Material for this exercise

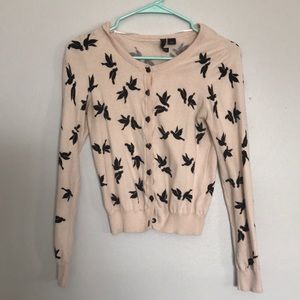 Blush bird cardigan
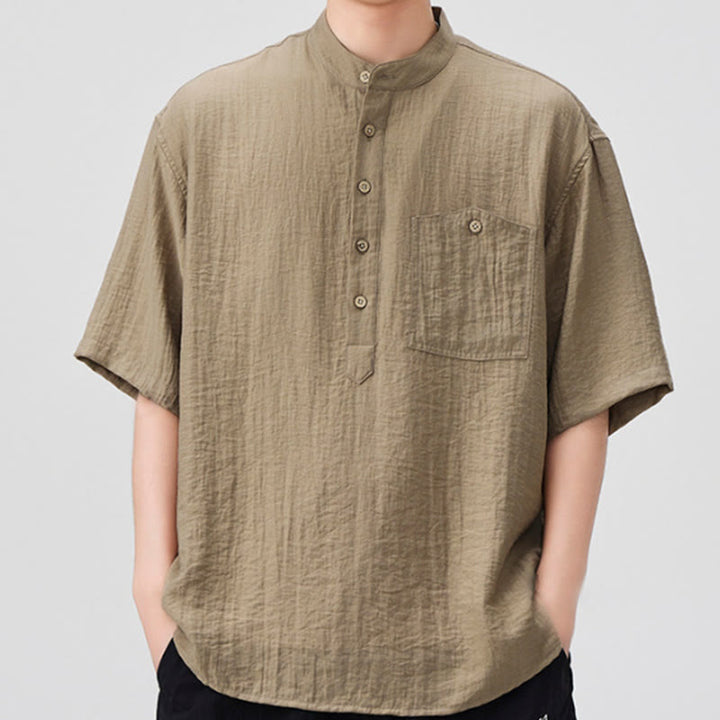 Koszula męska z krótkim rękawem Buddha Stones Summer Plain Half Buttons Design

==

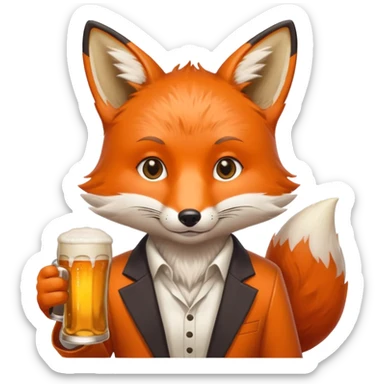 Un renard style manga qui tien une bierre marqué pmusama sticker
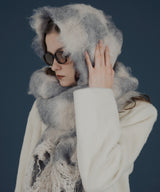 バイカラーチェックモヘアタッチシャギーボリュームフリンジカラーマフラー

About this task
Keep to the lines above from the line with "Blush bird cardigan" to the line with "Koszula męska z", and set down exactly those, inclusive, with nothing else and every picture left out.

Answer box
 Blush bird cardigan
 Koszula męska z krótkim rękawem Buddha Stones Summer Plain Half Buttons Design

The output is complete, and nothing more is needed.